→ What you should do
The expected answer is the full listing, repeated exactly and free of images.

→ Data for processing
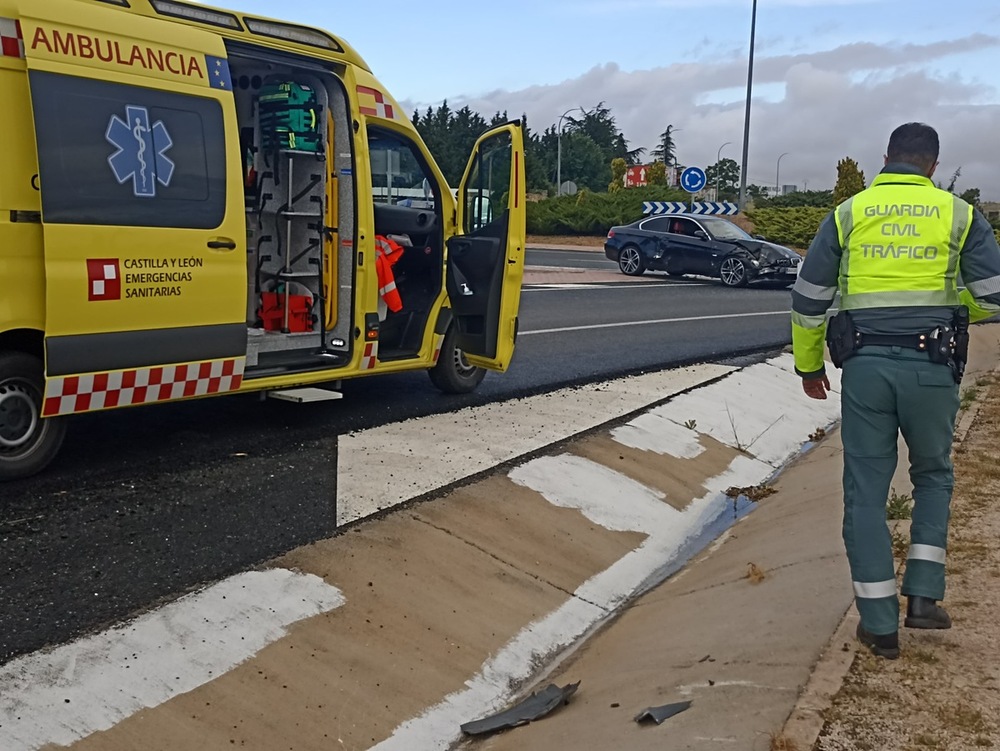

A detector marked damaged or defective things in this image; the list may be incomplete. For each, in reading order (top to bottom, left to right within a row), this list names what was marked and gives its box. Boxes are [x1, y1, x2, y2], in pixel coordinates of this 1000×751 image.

damaged car [600, 217, 804, 290]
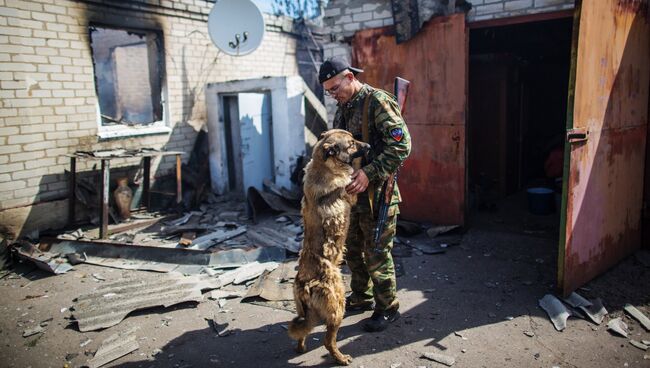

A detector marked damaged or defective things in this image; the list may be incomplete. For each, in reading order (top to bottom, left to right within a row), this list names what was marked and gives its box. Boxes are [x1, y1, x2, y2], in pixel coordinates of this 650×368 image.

charred window opening [88, 25, 163, 126]
broken window frame [88, 23, 170, 138]
rusty metal door [350, 13, 466, 224]
rusted hinge [568, 127, 588, 143]
rusty metal door [556, 0, 648, 294]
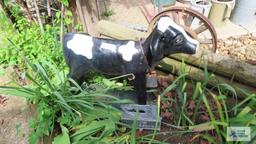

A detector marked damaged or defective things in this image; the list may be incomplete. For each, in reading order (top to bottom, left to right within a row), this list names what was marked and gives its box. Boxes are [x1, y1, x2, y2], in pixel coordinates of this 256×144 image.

rusty metal wheel rim [148, 6, 218, 53]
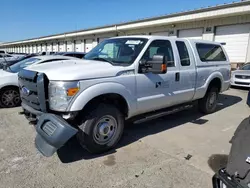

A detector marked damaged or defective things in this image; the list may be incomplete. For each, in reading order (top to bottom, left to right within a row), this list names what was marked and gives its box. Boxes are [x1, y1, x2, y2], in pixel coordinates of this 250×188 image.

detached bumper piece [35, 114, 77, 156]
damaged front bumper [35, 114, 77, 156]
detached bumper piece [213, 169, 246, 188]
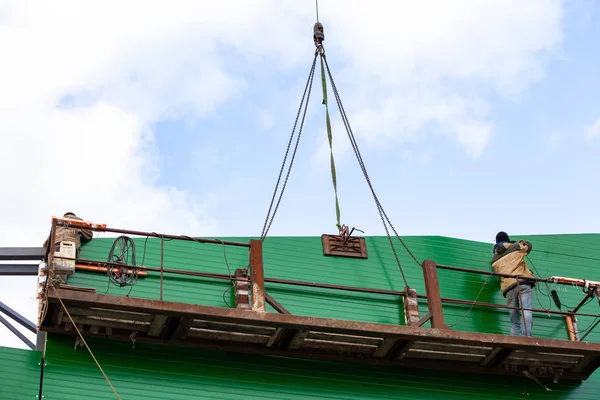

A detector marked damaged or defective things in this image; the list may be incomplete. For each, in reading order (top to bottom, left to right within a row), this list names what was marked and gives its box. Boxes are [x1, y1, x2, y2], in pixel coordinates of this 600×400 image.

rusty metal structure [31, 217, 600, 382]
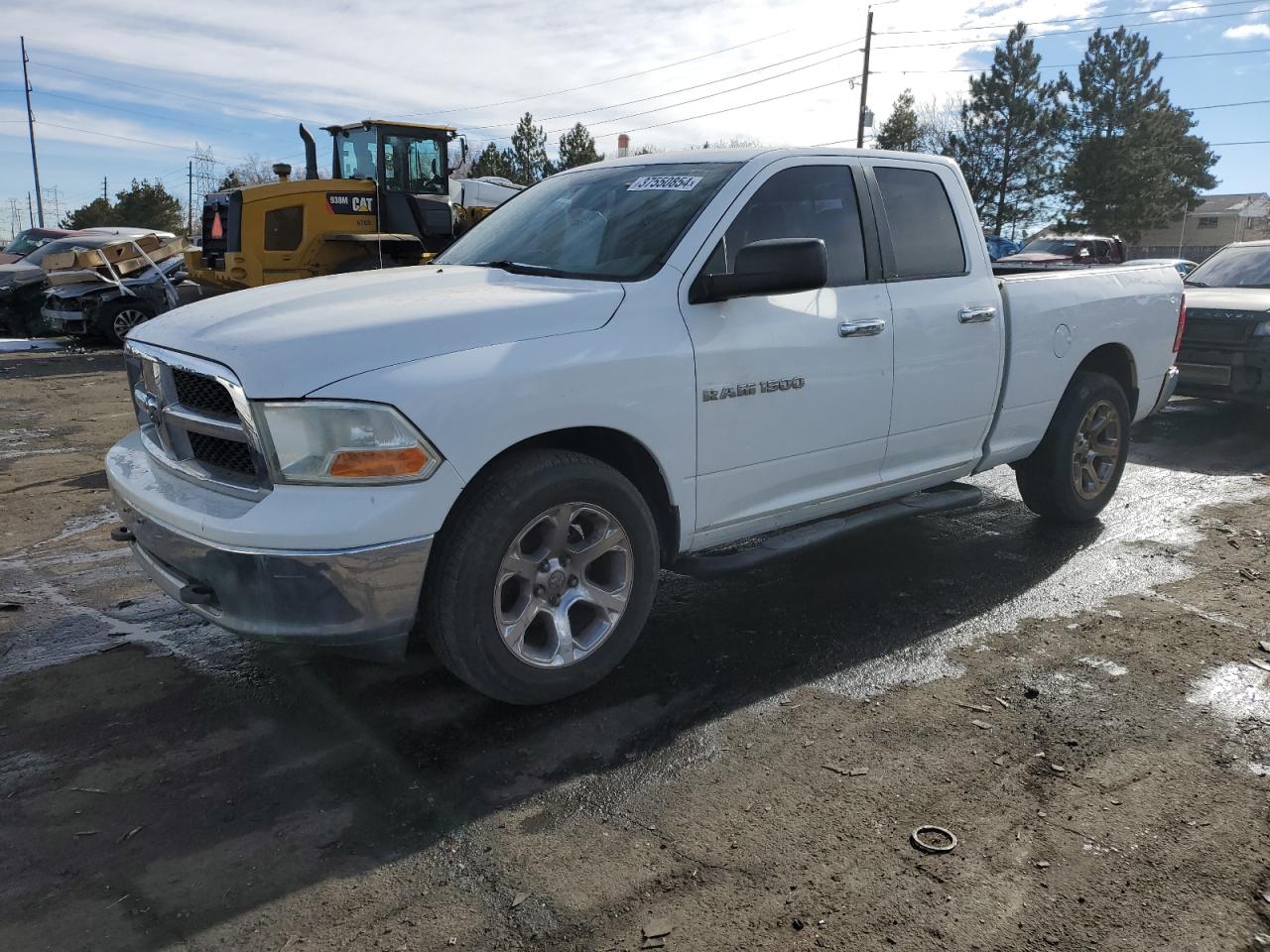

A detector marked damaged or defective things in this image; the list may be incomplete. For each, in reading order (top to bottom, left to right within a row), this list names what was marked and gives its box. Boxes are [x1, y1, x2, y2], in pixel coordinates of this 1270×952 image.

damaged vehicle [37, 233, 189, 345]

→ Output of the task
A detector marked damaged or defective things in this image; the list may be incomplete. For each, in reading order (top to bottom, left to right within a row), this list names what was marked and gives its box. Boxes are [x1, y1, x2, y2], in pixel coordinates of this 1000×751 image.

damaged car [600, 217, 804, 290]

A detector marked damaged or defective things in this image; the list may be incomplete. For each, in reading order (top to bottom, left to right within a row), this list names what was marked and gives its box. Boxes are [x1, y1, x2, y2], in pixel coordinates of this 650×368 image.

charred window opening [88, 25, 163, 126]
broken window frame [88, 23, 170, 138]
rusty metal door [350, 13, 466, 224]
rusted hinge [568, 127, 588, 143]
rusty metal door [556, 0, 648, 294]

A detector marked damaged or defective things in this image; the list may be incomplete. For each, in reading order (top to bottom, left to right within a row), this list names what was marked and gives its box. Boxes are [x1, y1, x2, y2], in pixel coordinates of this 256×144 image.

rusty metal wheel rim [148, 6, 218, 53]

A detector marked damaged or defective things in this image; the list may be incomplete. For each, in reading order (top to bottom, left to right within a row), this list names what was marked and gives its box. Boxes are [x1, y1, x2, y2], in pixel coordinates of this 250×188 image.

detached bumper piece [35, 114, 77, 156]
damaged front bumper [35, 114, 77, 156]
detached bumper piece [213, 169, 246, 188]

A detector marked damaged or defective things in this image; the list may be incomplete. For each, in reading order (top to bottom, left to right within a row), this list names what was marked and gives its box. Boxes are [x1, y1, x2, y2], in pixel coordinates of this 600×400 image.

rusty metal structure [31, 217, 600, 382]

A detector marked damaged or defective things in this image; the list may be incomplete. For each, in reading order (top to bottom, left to right within a row), this list names what was marked and gives its box. Boxes are [x1, y1, x2, y2], in pixel coordinates of this 1270×952 image.

damaged vehicle [37, 233, 189, 345]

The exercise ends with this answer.